Some corrections with lower prices 

i5 2400 - 9700/ has low power consumption and it's not OCablle on H67 mobo so a Corsair CX-430v2 is enough for that rig and Op can also save around ~2k by going with Intel DH61WW mobo. Corsair Value Series 1333 Mhz ram is more than enough for Intel Config.

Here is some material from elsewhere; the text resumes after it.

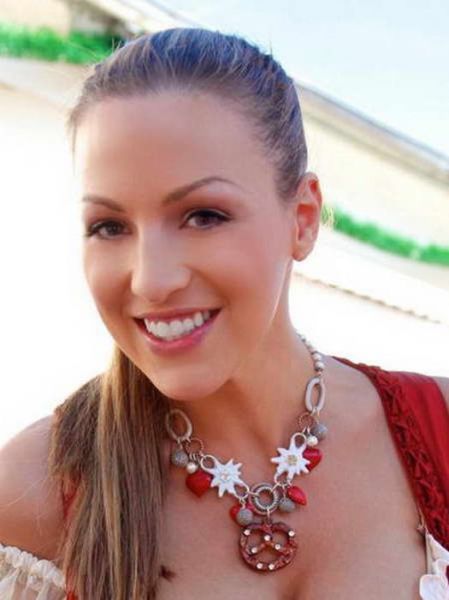 Bosomy Blonde, Jordan Carver, at Oktoberfest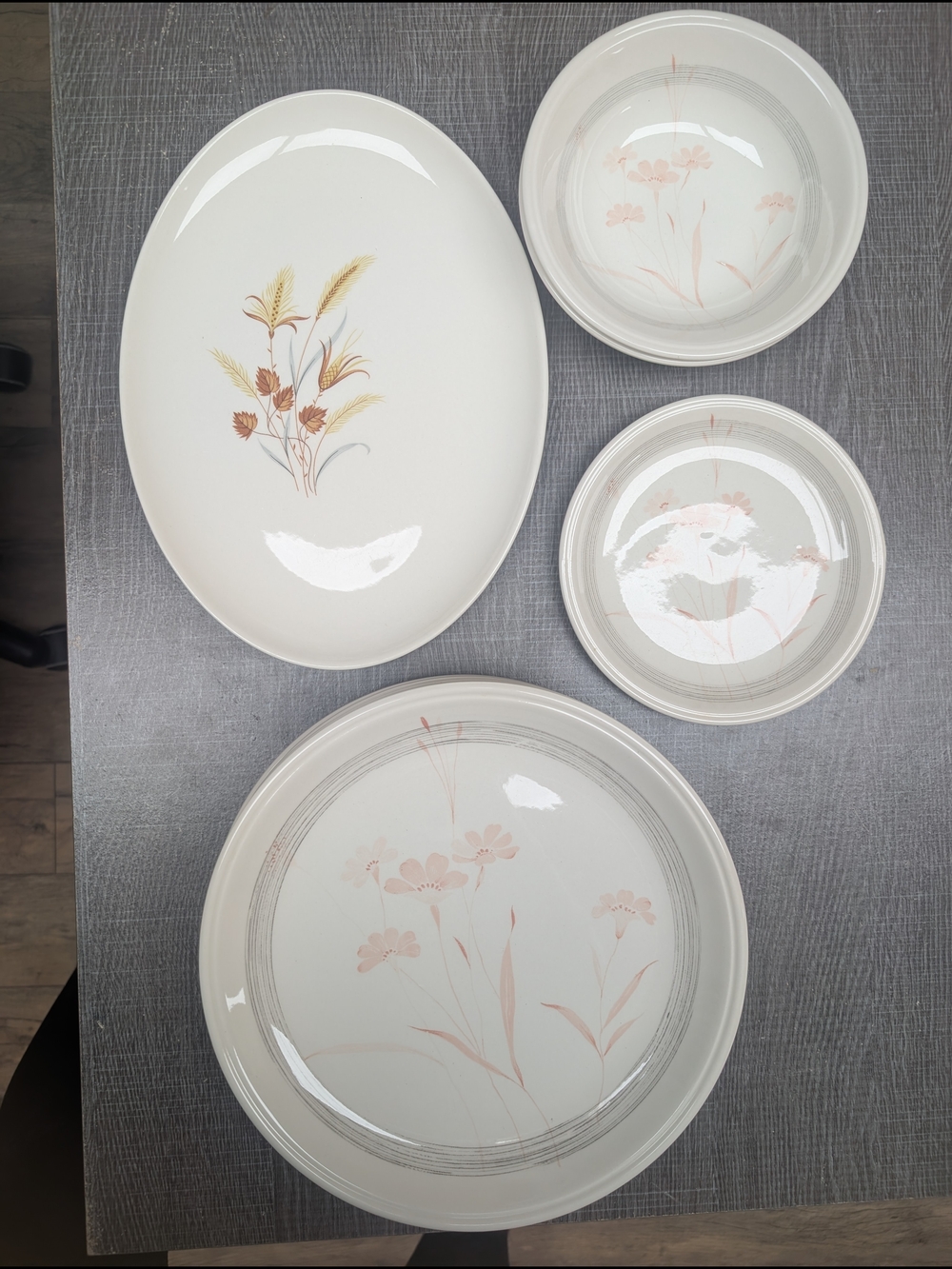 Bilton's England Mayfair Ceramic 6x Dinner plates, 2x Bowls, 1 Side Plate + tray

So the final config would be :

i5 2400 - 9700/-
DH67CL - 5250 or Intel DH61WW - only if OP does not need USB 3, extra sata ports and some other features.
Sapphire HD6850 1GB GDDR5/ HD6850 Cyclone PE -9300
LG DVD Writer - 925/-
CM Elite 350 - 1550/-
Corsair CX430v2  - 2300/-
Corsair Value Select - 1150
250/320 gb hdd - 3500
total - 31625/ 33675 (DH67CL)

AMD config looks good but it would be better if Op opt for Gigabyte GA 880GM-USB3(Rev 3.1)@ 4.8k - it would allow him to save 1k 

Phenom II 955BE - 6100/-
Gigabyte GA 880GM-USB3(Rev 3.1) - 4800
Sapphire HD6850 1GB GDDR5/ HD6850 Cyclone PE -9300
 LG DVD Writer - 925/-
 CM Elite 350 - 1550/-
 Seasonic S1 2II 520W - 3250/-
 Gskill Ripjaws 4GB - 1550/-
250/320 gb hdd - 3500
 TOTAL -30975/-


----------



## sukesh1090 (Dec 23, 2011)

^^
Yup i agree with you brother.even if that intel rig comes to 31k,it will lack a lot of features amd rig will give at 30k.i suggested 520w because he won't be on border with that psu but with 430 he will be on a border where he can't add any future upgrades to it.
Btw i suggested that asus mobo because he is from manglore and i know that he won't get that gigabyte mobo there and online smc,prime,itwares don't have it.so i suggested asus mobo.


----------



## topgear (Dec 24, 2011)

^^ nice points there


----------



## Jaskanwar Singh (Dec 24, 2011)

sukesh1090 said:


> ^^
> Yup i agree with you brother.even if that intel rig comes to 31k,it will lack a lot of features amd rig will give at 30k.i suggested 520w because he won't be on border with that psu but with 430 he will be on a border where he can't add any future upgrades to it.
> Btw i suggested that asus mobo because he is from manglore and i know that he won't get that gigabyte mobo there and online smc,prime,itwares don't have it.so i suggested asus mobo.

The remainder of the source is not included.